Le sang de la gazelle

Aya Gamal Mohey Eldeen est une poétesse égyptienne née en 1996. Ses écrits explorent les thèmes du corps, de la fragilité humaine et de l'exil. Elle est titulaire d'une maîtrise en droit et d'un diplôme en traduction juridique. Ses travaux ont été publiés dans Mada Masr, Raseef22 et Sard Adabi. Son premier recueil de poésie paraîtra en 2026.
Tout ce qui était beau, faute d’un ventre à lui offrir,
s’est mué en poème… en cri… en amour.
— Forough Farrokhzad
Les yeux flairent au loin,
pressentent un destin, un loup.
Implorent une source de douceur,
se cabrent contre un homme venu d’ailleurs
ou une souris infecte.
Les yeux apprennent la saveur de la cachette,
se poudrent de poussière,
mêlent la nuit au jour :
l’aube les visite,
la lumière s’y verse,
goutte à goutte.
S’avance une main tendre,
veines à vif,
avec la glaise et le sang-de-gazelle :
elle extirpe une masse noire
qui pousse au creux du ventre.
Une mèche blanche
joue à disparaître, puis revient.
Les soupirs se déplient sur son ventre ;
des anneaux de blanc, en chaîne,
affluent dans l’opacité nocturne.
Elle lève les mains et dit :
— comme une sorte de marchandage ou de prière —
« Tranche-moi la tête et je t’offre mon sang,
je te donnerai des embryons et des amis d’élection,
des miches de pain et des goules,
une goutte de rosée et des anneaux.
Mon corps est offrande,
et mon âme, rachat.
Es-tu satisfait ?
T’ai-je satisfait? »
Elle implore :
donne-moi une enfance nouvelle,
des jours qui lavent les fautes,
et des mères qui suivent ma trace
lorsque je me perds dans les landes,
et que des mains m’ont tentée
(ces mains qui donnent et qui effacent,
qui savent et qui s’attendrissent)
Donne-moi la quiétude / la sécurité,
ma part de sommeil,
et le goût de cerise dans ma bouche qui ne s’efface pas.
Donne-moi des lettres qui ne se défont pas sous la langue,
et une langue qui reconnaît le goût des mets savoureux,
des paroles savoureuses et des baisers savoureux…
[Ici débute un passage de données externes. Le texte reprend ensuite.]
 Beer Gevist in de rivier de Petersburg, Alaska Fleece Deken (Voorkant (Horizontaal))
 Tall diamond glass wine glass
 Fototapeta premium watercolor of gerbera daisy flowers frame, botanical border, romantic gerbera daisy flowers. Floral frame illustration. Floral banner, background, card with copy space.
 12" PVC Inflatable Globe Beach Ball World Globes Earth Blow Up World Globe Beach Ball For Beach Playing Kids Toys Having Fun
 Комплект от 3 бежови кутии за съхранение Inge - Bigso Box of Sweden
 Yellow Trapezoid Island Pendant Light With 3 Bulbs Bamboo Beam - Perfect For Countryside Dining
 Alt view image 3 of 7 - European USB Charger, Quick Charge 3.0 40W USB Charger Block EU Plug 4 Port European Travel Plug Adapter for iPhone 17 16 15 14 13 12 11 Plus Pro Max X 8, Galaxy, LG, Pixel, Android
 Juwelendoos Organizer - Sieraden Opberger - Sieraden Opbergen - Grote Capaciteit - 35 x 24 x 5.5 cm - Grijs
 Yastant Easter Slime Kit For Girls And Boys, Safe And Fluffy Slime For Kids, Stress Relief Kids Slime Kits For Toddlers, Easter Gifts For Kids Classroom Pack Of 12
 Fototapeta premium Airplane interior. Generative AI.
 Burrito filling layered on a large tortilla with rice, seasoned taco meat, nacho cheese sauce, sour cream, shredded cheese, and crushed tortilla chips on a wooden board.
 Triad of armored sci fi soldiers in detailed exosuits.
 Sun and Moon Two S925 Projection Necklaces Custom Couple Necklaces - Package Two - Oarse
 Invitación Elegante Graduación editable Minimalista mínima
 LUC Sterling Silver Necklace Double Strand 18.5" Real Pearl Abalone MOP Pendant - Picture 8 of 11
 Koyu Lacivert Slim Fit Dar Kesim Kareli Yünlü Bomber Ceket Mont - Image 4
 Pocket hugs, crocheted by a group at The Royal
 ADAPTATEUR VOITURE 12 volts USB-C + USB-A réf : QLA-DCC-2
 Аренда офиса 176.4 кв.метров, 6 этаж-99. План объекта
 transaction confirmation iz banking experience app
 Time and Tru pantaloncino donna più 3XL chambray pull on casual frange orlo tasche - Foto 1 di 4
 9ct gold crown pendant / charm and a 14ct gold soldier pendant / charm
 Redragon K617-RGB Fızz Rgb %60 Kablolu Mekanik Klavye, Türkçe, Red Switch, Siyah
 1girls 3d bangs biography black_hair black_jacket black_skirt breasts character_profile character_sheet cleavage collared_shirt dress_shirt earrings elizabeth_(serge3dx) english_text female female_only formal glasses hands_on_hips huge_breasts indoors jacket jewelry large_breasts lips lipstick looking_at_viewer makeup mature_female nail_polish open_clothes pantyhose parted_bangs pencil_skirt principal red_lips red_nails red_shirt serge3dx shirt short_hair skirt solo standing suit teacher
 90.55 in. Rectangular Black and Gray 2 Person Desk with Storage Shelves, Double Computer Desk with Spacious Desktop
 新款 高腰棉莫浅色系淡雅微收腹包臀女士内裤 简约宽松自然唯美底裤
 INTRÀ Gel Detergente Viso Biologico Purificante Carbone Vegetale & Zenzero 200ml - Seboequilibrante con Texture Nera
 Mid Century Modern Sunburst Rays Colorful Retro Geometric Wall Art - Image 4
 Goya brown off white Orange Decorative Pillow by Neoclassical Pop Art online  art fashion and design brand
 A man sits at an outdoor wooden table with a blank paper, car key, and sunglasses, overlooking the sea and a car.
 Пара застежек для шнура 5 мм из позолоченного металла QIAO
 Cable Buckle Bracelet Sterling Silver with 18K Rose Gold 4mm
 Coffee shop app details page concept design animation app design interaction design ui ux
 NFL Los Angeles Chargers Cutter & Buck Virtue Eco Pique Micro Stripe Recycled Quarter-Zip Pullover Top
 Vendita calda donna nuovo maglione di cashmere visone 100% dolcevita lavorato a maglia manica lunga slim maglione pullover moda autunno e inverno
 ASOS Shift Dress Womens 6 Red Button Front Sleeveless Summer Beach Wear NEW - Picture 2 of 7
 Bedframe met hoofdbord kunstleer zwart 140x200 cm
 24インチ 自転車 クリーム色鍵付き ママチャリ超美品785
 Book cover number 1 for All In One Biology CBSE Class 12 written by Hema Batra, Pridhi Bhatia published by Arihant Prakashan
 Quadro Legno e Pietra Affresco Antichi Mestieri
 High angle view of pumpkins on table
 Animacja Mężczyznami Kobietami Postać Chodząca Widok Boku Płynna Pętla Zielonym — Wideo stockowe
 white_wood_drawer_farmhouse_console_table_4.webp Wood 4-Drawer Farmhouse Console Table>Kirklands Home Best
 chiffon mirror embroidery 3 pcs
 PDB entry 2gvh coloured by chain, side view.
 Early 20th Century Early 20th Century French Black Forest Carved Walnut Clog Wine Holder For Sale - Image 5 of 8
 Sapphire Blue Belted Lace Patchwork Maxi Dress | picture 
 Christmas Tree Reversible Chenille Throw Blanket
Elle étend ses jambes comme un tronc d’arbre,
se lève de son lit,
lourde et seule,
dans des chemises de nuit qu’aucune main n’a touchées
Sinon, ses mains douces.
Des chemises rouges,
jaunes, pourpres :
des chemises pour des femmes seules,
sans hommes pour les attendre…
Des femmes sans hommes,
qui se cherchent des mains
leur douceur, leur amour,
La tiédeur sur la peau.
Des femmes aux balcons
lancent leurs regards
dans l’azur,
pistent l’oiseau perdu,
la blancheur des nuées,
et l’ombre d’un homme
qui, une nuit, les a laissées
noyées d’amour et de manque,
de patience et d’abattement
avec la promesse des retrouvailles, l’espoir d’un rendez-vous…
et jamais il ne revint.
Des femmes qui comptent sur le hasard ou le destin,
souhaitent trébucher sur une poignée de terre
ou sur un corps vivant.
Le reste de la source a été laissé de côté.